Static analysis of any sizeable Ruby program is at best an unsolved problem, at worst impossible, as a lot of Ruby libraries depend on eval() and tracing down the sources of data for the eval string to verify that it isn't potentially user supplied (and often it can be)is hard enough, and the moment the data may be user supplied, you've "lost": Pretty much anything you thought you knew up to the eval() call can be wrong after the eval() call.

If you need/want static analysis, the option for the foreseeable future is to use another language (and I say this as a huge Ruby fan that also would love to see an evolution of Ruby that'd make some/more static analysis feasible, but for that to happen I believe you need an effort to provide a module encapsulating common eval() behaviour and a huge effort to replace eval in common Ruby libraries - it's not likely to happen anytime soon).


Do you mean something like laser?: https://github.com/michaeledgar/laser


LASER's homepage ( http://carboni.ca/projects/p/laser ) for some reason does not load in my browser. http://downforeveryoneorjustme.com/http://carboni.ca/project...

Judging the project from its feature list in the README.md, it does not seem like LASER is capable of handling arbitrary invariants.


Great point. Simplicity is one of the main reasons to use Ruby, not performance.


Ease of use. Which is not the same thing as simplicity.


Well, code can be organized in a simple way where the constructs of the language do not get in the way of conceptual clarity.

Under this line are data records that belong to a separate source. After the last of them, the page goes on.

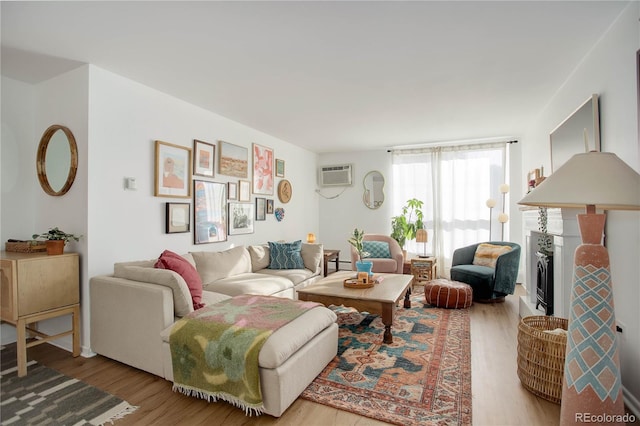 living room with a wall mounted air conditioner, a baseboard radiator, wood finished floors, and a fireplace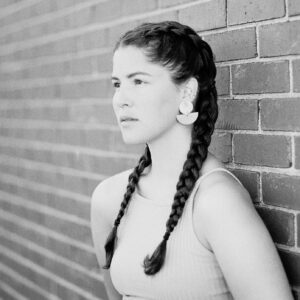 Woman with braided hair standing against a brick wall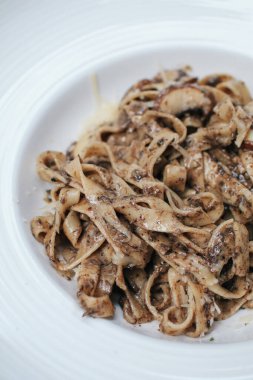 Restorandaki ahşap masada mantarlı ve kremalı spagetti. Lezzetli İtalyan füzyon makarnası.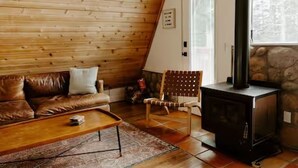 A cozy room with a wooden ceiling, a brown leather sofa, a wooden coffee table, a stone fireplace, and a window with a view of trees.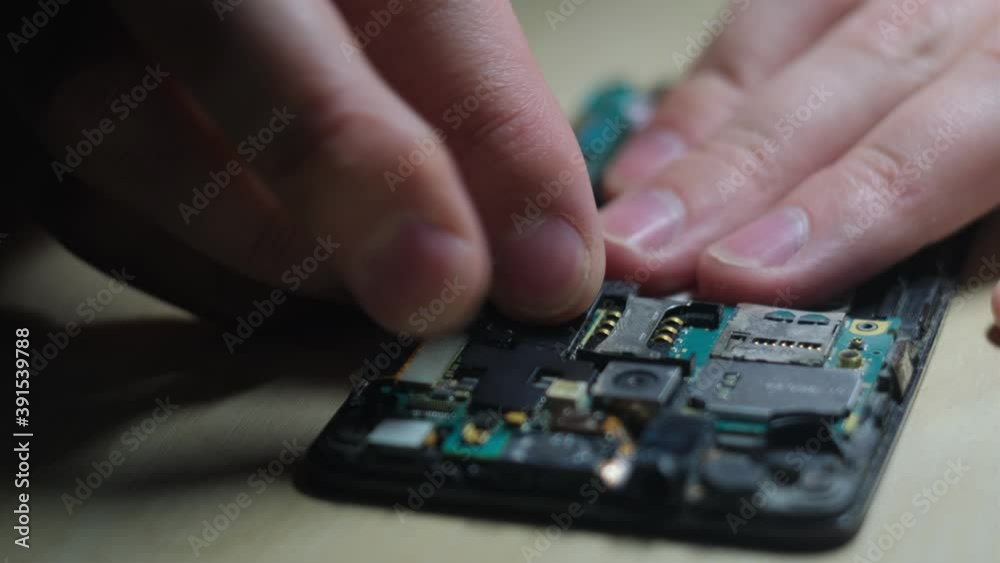 Master repairs a smartphone in a service center, closeup Master repairs a smartphone in a service center, closeup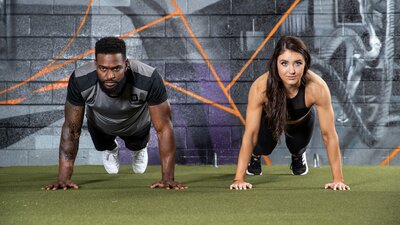 Female athletes show off their toned bodies as they stand back to back in a  studio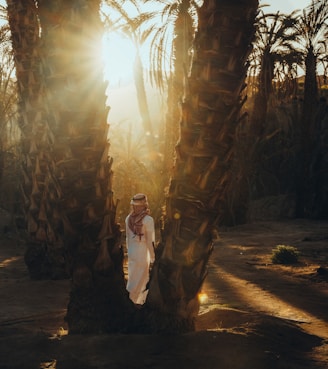 a woman is standing between two palm trees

This may or may not translate to ease of use depending on the user.


My understanding of simplicity is that it can be nailed down to a few universal principles:

1. Facilitating local reasoning: I do not want to read the whole program to understand what a single line of code may or may not do.

2. Compartmentalizing concepts: There should be a single, easily identifiable feature for each of: defining classes of data, separating concerns between different code units, enabling code reuse.

3. Keeping abstraction leaks to a minimum: Abstraction leaks force corner cases to be handled outside of the abstraction (that is, low-level programming). So abstractions should ideally not be leaky, and leaks should only be tolerated if 1. there is no nonleaky (or less leaky) alternative, 2. the benefits of the abstraction outweigh the cost of handling the leak.

Simplicity leads to conceptual clarity.

On the other hand, ease of use is more about the pragmatic desire to invest the least amount of effort possible in making a working program. At its most short-sighted extreme, the easiest thing to do is simply following the path of least resistance. A more refined version is following design patterns that experience tells work okay.

Simplicity and ease of use are most certainly positively correlated, but it is perfectly possible for a horribly contrived construct to be easy to use, if its complex internal details happen to match nicely the problem domain one is working on.

My heuristic take (admittedly not justified on anything beyond aesthetical preference) is that simplicity is the more fundamental concept, and ease of use is just a corollary. And my impression of Ruby is that it seeks to maximize ease of use, resorting to non-simple means if necessary.


Indeed, it would be simpler if there was only "if" and no "unless", or multiple names for what are the same method (Array#size and Array#length), but (often) they're there to make things easier to read and write.


A more serious offender is the .to_s method: Why on earth is nil.to_is == "", but [nil].to_s == "[nil]"?


What would you expect [nil].to_s to be? Seems like a reasonable representation to me. I certainly wouldn't want "['']", and I also wouldn't want nil.to_s to give me "nil". In practice having nil evaluate to an empty string is quite useful.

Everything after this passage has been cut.